Segment Start: DATASET RECORDS

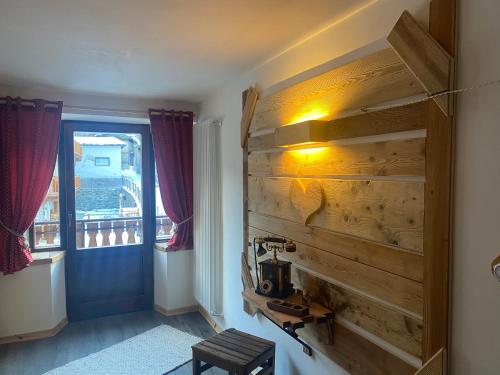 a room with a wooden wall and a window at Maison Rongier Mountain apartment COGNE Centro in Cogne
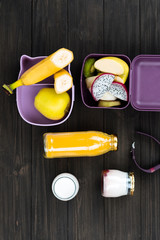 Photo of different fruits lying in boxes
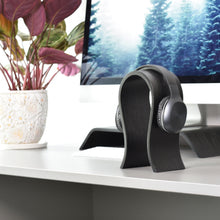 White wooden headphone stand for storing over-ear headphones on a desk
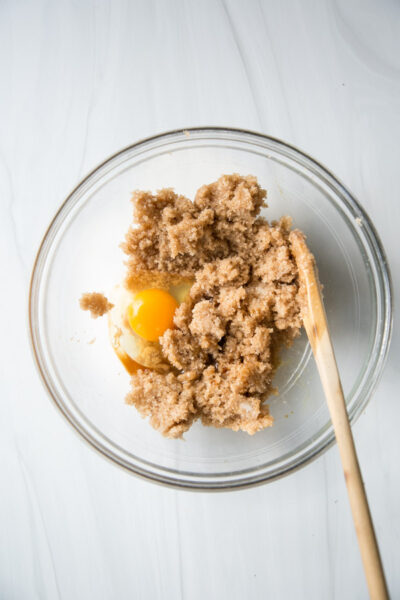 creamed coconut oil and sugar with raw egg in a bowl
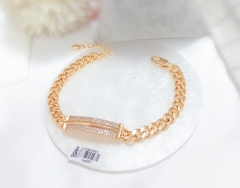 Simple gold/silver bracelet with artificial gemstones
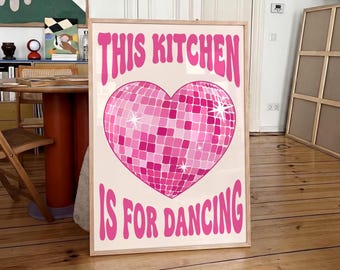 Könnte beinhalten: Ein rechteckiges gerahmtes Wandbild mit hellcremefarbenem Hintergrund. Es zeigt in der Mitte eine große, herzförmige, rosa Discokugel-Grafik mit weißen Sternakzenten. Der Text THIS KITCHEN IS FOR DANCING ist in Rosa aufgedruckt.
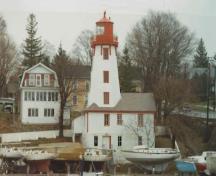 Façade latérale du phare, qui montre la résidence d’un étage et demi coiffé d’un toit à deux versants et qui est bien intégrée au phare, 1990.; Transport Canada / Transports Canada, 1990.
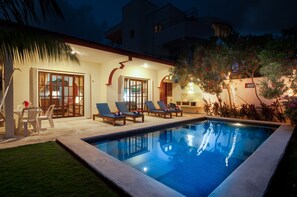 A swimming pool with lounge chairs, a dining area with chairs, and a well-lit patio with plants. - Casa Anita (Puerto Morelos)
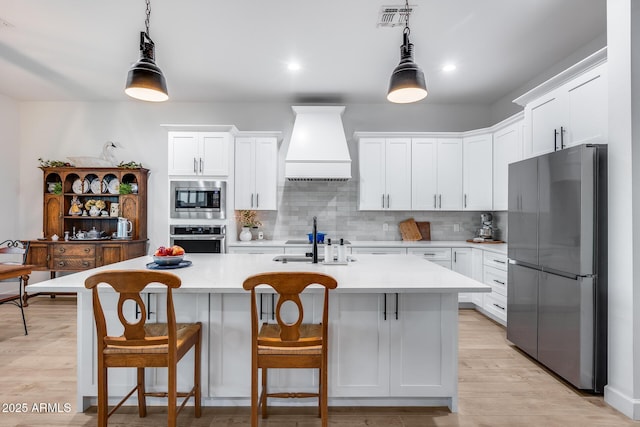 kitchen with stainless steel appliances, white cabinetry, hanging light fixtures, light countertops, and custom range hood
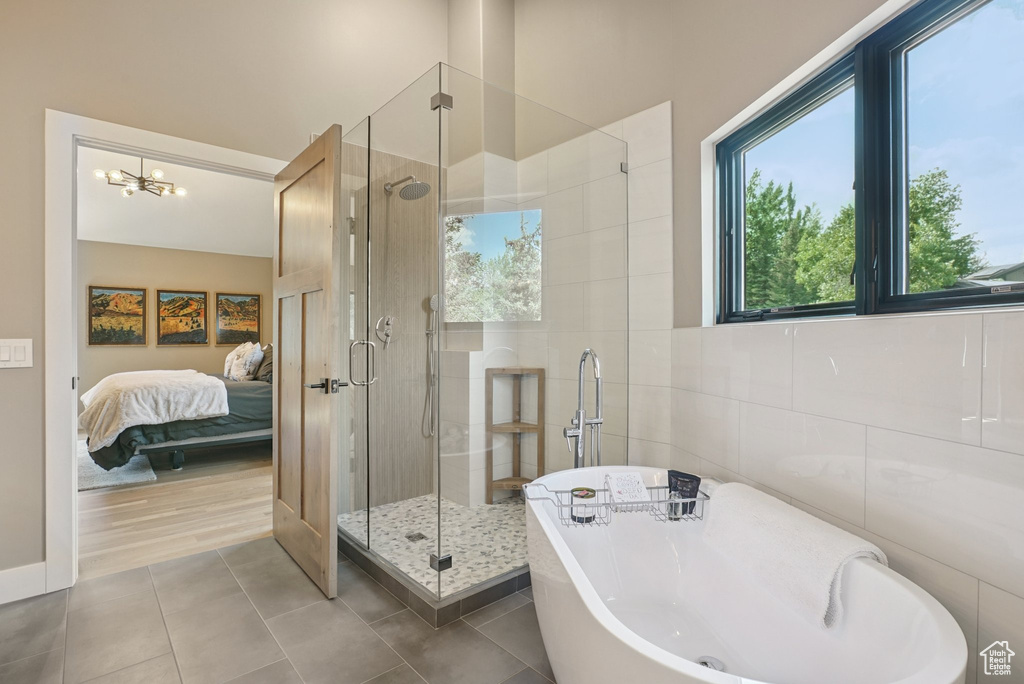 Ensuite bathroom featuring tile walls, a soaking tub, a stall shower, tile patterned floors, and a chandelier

Segment End: DATASET RECORDS

Repeat the exact lines from the first line of the data through the line containing "Simple gold/silver bracelet". Nothing else, no pictures.

 a room with a wooden wall and a window at Maison Rongier Mountain apartment COGNE Centro in Cogne
 Photo of different fruits lying in boxes
 White wooden headphone stand for storing over-ear headphones on a desk
 creamed coconut oil and sugar with raw egg in a bowl
 Simple gold/silver bracelet with artificial gemstones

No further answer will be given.